EXERCISE DETAILS: Beginning at the first line of the material, output each line exactly until you reach and include the line containing "Retrato, de, un, feliz, pareja". Leave every picture out.
*** DATA FOR THE TASK ***
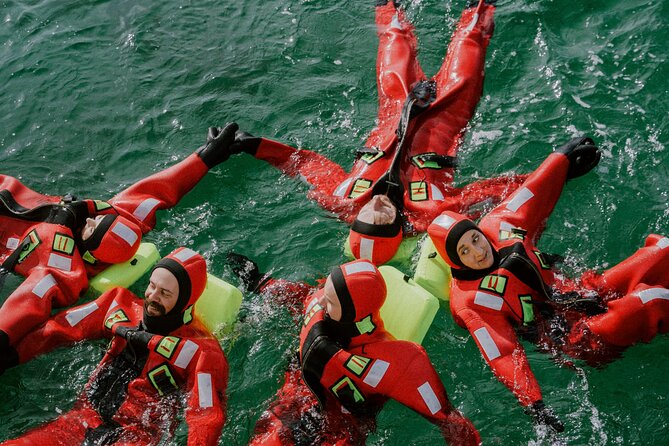 2 Hours Urban Arctic Floating Activity in the Harbours of Tromsø - Daylight or darkness, and what you will see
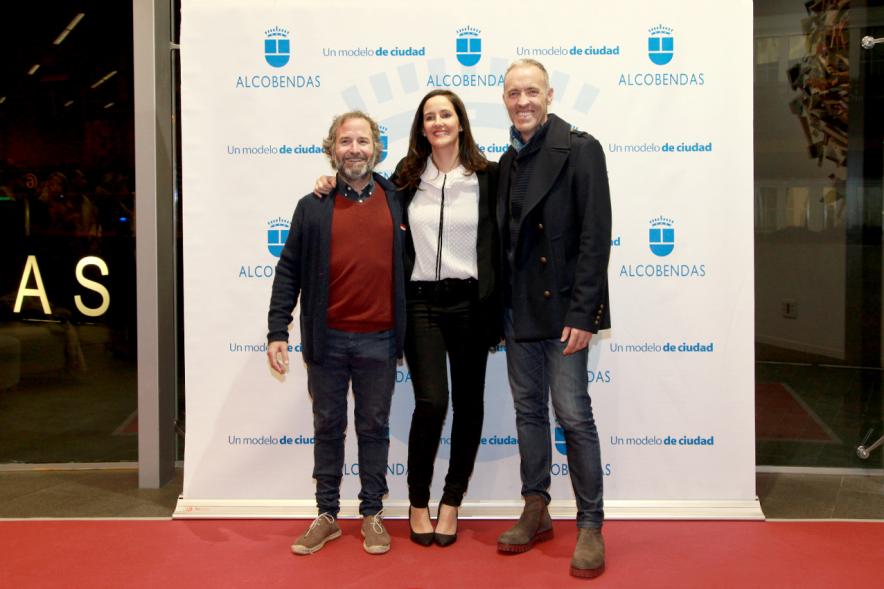 Preestreno de la Película "Las Furias" en el Centro de Arte -  Posado de los directores con los asistentes.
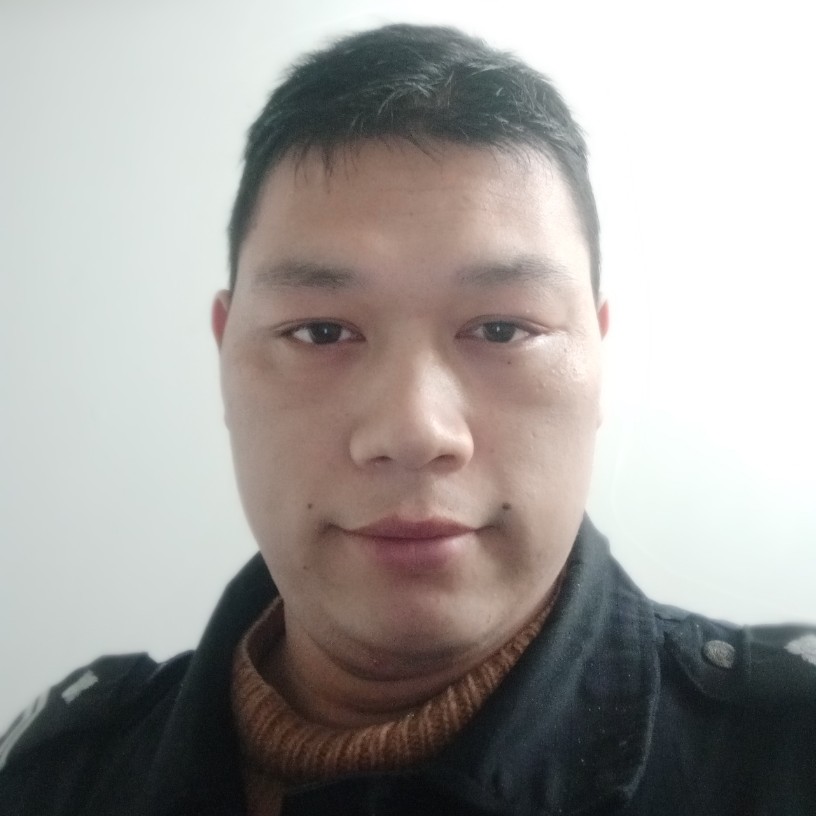 潇洒用路灯的照片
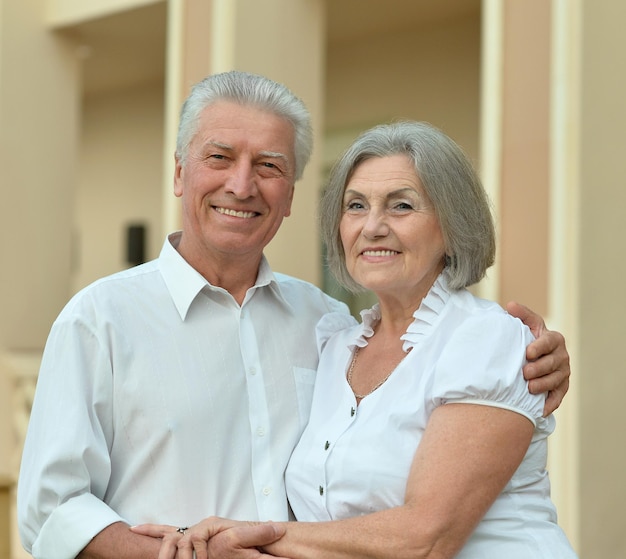 Retrato, de, un, feliz, pareja anciana, se abrazar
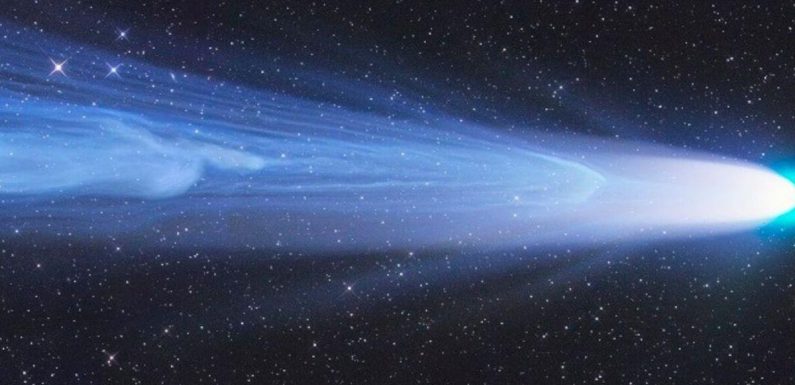 Comet ‘disconnection’ takes Astronomy Photograph of the Year award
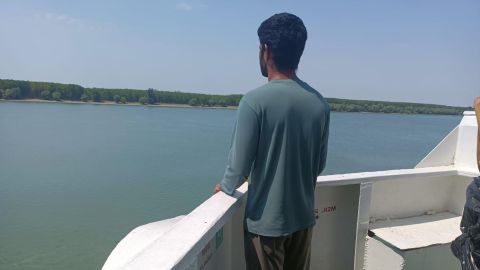 "Nos vimos forzados a romper y quemar la madera del barco para cocinar": por qué miles de marineros son abandonados cada año en sus buques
***
TASK ANSWER:
 2 Hours Urban Arctic Floating Activity in the Harbours of Tromsø - Daylight or darkness, and what you will see
 Preestreno de la Película "Las Furias" en el Centro de Arte -  Posado de los directores con los asistentes.
 潇洒用路灯的照片
 Retrato, de, un, feliz, pareja anciana, se abrazar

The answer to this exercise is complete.